§ Try it:
Without the pictures, output the records below word for word.

---------- Data supplied ----------

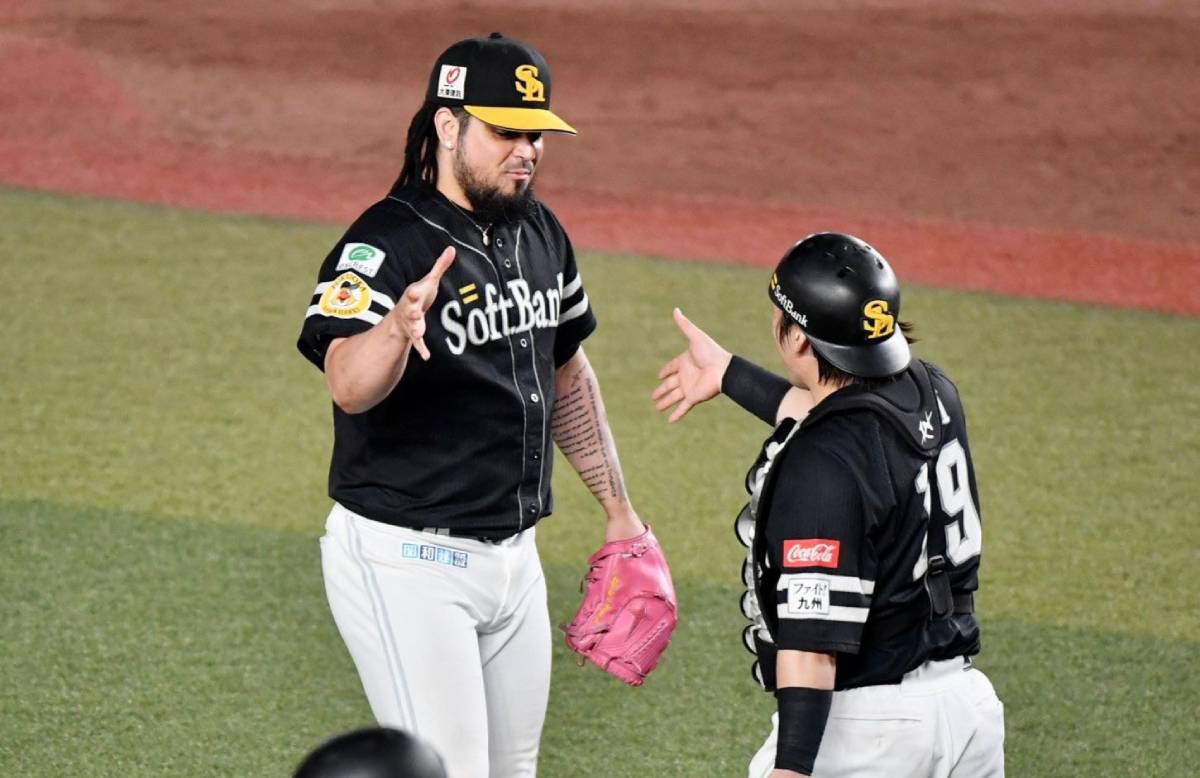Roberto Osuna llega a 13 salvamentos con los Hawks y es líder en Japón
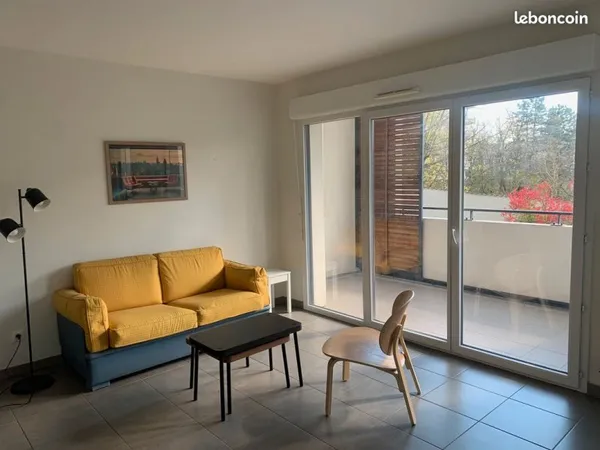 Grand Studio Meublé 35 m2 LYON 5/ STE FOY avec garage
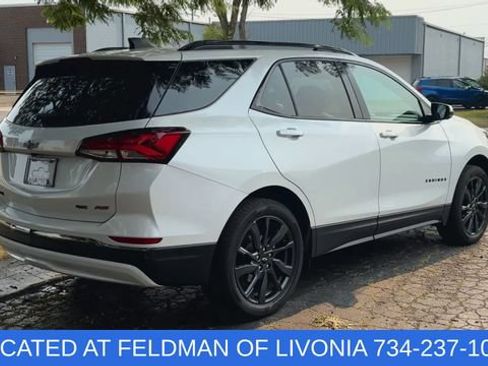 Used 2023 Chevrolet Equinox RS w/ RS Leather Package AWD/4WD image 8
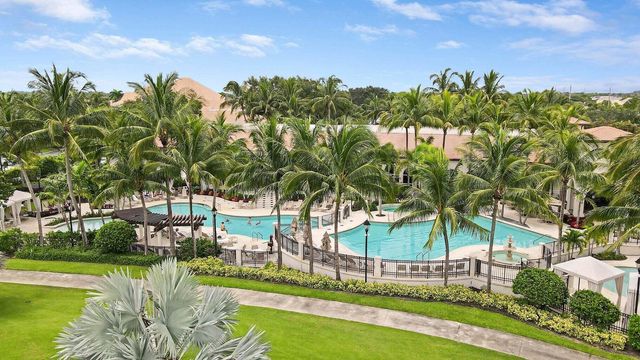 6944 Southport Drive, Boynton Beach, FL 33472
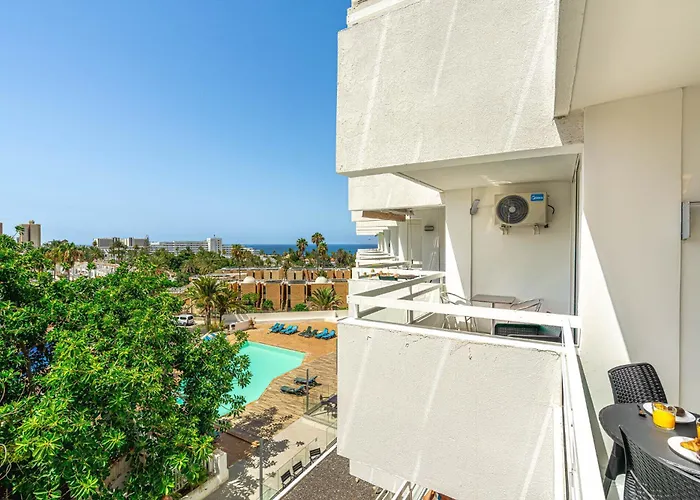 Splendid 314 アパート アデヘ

----------

§ Finished exercise:
Roberto Osuna llega a 13 salvamentos con los Hawks y es líder en Japón
 Grand Studio Meublé 35 m2 LYON 5/ STE FOY avec garage
 Used 2023 Chevrolet Equinox RS w/ RS Leather Package AWD/4WD image 8
 6944 Southport Drive, Boynton Beach, FL 33472
 Splendid 314 アパート アデヘ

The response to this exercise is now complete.